The Religious Freedom Restoration Act reversed that call. It restored such religious claims to the highest constitutional standard of review, requiring the government to prove that any law burdening religious exercise must be the least restrictive way to advance a compelling government interest.
Claims of racial discrimination are also covered by this highest constitutional standard of review. But equal protection claims involving gender inequality and LQBTQ rights, among others, are not. This belies the claim by the Christian right that their faith is under governmental and constitutional attack by antidiscrimination laws. In fact, the constitutional thumb is on their side of the scale.
That has caused equality rights advocates to urge Congress to rein in the Religious Freedom Restoration Act, saying it has been hijacked by those with agendas grounded more in rolling back civil rights and liberties than protecting religion.
There is no easy solution to this dilemma.
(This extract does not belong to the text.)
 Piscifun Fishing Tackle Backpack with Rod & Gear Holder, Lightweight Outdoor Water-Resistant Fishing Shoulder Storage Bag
Even if the 1993 law were amended to make clear that it does not give cover for individuals, religious groups, employers, or others to opt out of laws protecting civil rights, such a move would only pour fuel on the claims by the political religious right that their way of life is under attack, sparking more bitter legal and political battles.
But a good start — one that would better serve the Constitution’s goal of ensuring equal rights for all — would be to level the legal landscape by lifting the protections for civil rights, not by lowering those for religious freedoms.
The new standard would mean, among other things, any religious exemption to civil rights laws would require proof that such a law in fact infringes on religion and that such an exemption is the least restrictive means of protecting against that infringement. It would require that those making such religious claims live by the same constitutional rules with respect to civil rights that the law requires others to do with respect to religion.
It would not end the tension, legal or otherwise, between the two sides. But it would underscore that the role of courts in these challenges should not be to pick winners and losers. It should be to further establish the foundational principles on which the Bill of Rights is based — that fundamental individual rights deserve the highest protections but cannot be used to infringe on the rights of others. And it would encourage cooperation and coexistence over confrontation.
It wouldn’t be perfect. But it would be more perfect.